* [Work to be completed]
Transcribe the data exactly, stopping after the "626 Abigail Dámský" line.

Extracted data entries:
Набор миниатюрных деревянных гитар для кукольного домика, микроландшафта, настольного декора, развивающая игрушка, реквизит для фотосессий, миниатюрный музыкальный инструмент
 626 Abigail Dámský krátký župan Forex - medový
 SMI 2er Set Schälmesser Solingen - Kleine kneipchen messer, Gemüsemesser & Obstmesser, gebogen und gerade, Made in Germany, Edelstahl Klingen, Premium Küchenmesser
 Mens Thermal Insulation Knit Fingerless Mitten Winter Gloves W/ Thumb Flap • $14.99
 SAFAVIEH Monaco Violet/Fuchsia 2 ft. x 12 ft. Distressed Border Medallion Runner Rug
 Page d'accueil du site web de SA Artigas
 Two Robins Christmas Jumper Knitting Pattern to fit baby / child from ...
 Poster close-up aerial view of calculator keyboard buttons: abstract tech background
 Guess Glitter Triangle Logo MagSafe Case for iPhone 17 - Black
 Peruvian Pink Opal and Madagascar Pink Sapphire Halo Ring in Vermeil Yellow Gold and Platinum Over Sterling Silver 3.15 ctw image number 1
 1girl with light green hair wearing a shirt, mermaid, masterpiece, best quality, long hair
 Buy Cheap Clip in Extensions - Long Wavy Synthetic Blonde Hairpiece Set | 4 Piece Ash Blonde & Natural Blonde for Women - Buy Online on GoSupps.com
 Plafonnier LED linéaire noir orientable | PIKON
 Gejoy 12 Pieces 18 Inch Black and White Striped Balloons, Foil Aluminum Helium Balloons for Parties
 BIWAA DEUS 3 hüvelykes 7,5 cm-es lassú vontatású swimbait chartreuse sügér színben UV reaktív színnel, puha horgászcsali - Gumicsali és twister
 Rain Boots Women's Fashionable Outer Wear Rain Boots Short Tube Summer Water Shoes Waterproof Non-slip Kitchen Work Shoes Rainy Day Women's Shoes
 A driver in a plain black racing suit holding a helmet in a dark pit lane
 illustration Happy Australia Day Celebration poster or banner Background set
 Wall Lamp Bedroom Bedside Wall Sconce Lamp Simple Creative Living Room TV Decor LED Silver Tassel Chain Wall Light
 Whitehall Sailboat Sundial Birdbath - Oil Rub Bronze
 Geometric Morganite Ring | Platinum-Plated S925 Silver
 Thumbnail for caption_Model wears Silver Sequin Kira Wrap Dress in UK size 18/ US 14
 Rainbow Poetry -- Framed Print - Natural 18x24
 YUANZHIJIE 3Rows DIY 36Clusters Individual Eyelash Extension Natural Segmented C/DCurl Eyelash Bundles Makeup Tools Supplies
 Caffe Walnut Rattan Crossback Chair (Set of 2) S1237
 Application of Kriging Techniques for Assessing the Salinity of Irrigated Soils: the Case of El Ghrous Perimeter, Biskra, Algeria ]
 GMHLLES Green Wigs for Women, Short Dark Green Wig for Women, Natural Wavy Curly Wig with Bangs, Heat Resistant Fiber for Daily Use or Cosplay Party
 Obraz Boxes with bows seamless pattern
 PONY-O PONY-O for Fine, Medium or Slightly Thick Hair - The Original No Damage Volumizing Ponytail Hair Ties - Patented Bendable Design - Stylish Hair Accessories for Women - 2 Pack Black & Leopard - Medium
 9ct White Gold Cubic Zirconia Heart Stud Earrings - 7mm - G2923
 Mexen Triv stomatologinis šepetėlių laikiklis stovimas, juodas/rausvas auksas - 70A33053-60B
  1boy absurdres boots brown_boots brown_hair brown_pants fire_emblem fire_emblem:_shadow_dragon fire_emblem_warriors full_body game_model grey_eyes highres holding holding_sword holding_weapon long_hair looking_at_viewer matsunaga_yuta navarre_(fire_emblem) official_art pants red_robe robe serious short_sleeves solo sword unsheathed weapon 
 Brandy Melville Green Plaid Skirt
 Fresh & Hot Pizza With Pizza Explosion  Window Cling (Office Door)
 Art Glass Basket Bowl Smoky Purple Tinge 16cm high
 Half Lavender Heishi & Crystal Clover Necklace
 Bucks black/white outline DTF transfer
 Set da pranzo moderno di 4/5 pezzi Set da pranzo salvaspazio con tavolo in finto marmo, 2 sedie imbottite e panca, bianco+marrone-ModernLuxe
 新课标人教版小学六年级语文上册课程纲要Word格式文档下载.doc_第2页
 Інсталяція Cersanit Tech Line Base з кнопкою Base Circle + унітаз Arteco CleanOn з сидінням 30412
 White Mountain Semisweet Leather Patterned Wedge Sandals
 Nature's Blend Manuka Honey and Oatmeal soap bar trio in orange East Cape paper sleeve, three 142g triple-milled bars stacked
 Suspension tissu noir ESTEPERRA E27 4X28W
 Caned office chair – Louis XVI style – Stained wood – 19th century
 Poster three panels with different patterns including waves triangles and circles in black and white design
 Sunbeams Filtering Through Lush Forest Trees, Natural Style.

* [Task output]
Набор миниатюрных деревянных гитар для кукольного домика, микроландшафта, настольного декора, развивающая игрушка, реквизит для фотосессий, миниатюрный музыкальный инструмент
 626 Abigail Dámský krátký župan Forex - medový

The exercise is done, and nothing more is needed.